The Ohio State Research Laboratory at Wooster does subscribe to this
journal. However, the article is written in Japanese so I cannot add
to the abstract.
----------------------------------------------------------------------------------------------
My comment (Henry Kuska): it appears that, at least in some plant
systems, treated material may have a virus level below the detection
limit of ELISA, and that small amount of undetected virus may then
grow to detectable levels.
------------------------------------------------------------------------------------------------
..

The following is a paper which compares ELISA detection of PNRSV to
other methods:

Title: Comparative analysis of ELISA, nonradioactive molecular
hybridization and PCR for the detection of prunus necrotic ringspot
virus in herbaceous and Prunus hosts

Authors: Sanchez-Navarro, Apancio, Rowhani & Pallas

Published in: Plant Pathology, volumn 47, page 780, (1998).

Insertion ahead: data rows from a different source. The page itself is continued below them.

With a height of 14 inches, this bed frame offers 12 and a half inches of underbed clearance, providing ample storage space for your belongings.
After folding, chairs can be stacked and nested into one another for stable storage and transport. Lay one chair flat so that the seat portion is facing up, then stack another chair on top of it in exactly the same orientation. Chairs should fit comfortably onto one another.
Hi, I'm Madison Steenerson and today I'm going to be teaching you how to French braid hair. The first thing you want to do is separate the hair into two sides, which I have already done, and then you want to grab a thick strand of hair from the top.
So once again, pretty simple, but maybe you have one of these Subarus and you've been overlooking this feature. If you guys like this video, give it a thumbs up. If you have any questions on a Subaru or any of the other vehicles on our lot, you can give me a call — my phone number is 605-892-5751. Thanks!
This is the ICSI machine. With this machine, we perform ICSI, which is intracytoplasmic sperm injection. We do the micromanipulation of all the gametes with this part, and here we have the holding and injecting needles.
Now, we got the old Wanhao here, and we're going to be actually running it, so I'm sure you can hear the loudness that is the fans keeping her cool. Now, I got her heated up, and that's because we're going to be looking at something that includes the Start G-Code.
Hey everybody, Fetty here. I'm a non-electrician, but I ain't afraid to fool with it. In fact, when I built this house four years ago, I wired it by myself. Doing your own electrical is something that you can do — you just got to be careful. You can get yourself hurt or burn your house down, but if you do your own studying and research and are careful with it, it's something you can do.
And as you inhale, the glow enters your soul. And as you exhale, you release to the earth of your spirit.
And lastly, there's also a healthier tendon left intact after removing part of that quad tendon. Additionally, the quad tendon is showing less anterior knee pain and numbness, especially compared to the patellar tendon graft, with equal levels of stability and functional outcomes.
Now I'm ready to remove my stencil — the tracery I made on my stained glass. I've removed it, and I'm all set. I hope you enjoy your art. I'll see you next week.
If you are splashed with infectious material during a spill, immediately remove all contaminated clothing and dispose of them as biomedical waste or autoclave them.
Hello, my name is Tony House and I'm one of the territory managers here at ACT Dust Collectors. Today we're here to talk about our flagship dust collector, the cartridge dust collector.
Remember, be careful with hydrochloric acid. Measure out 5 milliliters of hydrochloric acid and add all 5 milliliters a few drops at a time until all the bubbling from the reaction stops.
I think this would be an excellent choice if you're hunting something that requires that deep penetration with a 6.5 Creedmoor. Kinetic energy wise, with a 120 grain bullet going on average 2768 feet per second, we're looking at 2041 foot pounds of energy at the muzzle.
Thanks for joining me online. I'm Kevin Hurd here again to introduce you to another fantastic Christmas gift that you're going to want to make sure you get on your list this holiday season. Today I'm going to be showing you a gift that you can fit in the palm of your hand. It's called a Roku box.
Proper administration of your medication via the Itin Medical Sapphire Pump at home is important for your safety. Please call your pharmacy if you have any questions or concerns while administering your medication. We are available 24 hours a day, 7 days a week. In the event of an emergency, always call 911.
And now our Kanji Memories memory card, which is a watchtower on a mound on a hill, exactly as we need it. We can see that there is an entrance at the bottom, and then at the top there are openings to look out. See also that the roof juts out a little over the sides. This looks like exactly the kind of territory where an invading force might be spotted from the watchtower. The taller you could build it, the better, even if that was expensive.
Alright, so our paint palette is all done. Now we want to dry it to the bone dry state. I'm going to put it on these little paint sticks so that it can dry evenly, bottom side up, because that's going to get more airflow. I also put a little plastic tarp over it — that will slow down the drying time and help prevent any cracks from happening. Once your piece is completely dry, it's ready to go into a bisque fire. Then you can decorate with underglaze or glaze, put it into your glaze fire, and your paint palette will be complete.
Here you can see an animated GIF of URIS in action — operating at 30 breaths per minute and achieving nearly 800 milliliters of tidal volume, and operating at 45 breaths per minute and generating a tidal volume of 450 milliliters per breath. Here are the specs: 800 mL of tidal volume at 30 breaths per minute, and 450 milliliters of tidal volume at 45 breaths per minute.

Abstract: "Comparative analysis of ELISA, nonradioactive molecular
hybridization and PCR for the detection of prunus necrotic ringspot
virus in herbaceous and Prunus hosts
Three methods were compared for the detection of prunus necrotic
ringspot virus in herbaceous and woody plants: DAS-ELISA, nonisotopic
dot-blot hybridization and reverse transcriptional polymerase chain
reaction (RT-PCR). When purified virus preparations were used, the
detection limit of the RT-PCR technique was 1.28 pg mL-1 whereas
nonisotopic molecular hybridization and DAS-ELISA allowed detection of
0.8 ng mL-1 and 4 ng mL-1, respectively. Several sample processing
procedures were evaluated for virus detection by the nonisotopic
molecular hybridization technique. When a very short and simple sample
processing method was used, the detection limit of the nonisotopic
molecular hybridization technique was 25 times higher than that of
DAS-ELISA and 625 times lower than that of RT-PCR. A comparison of the
level of virus accumulation in mature fruits and in leaf tissue showed
that, on average, 125 times more virus was found in the fruits."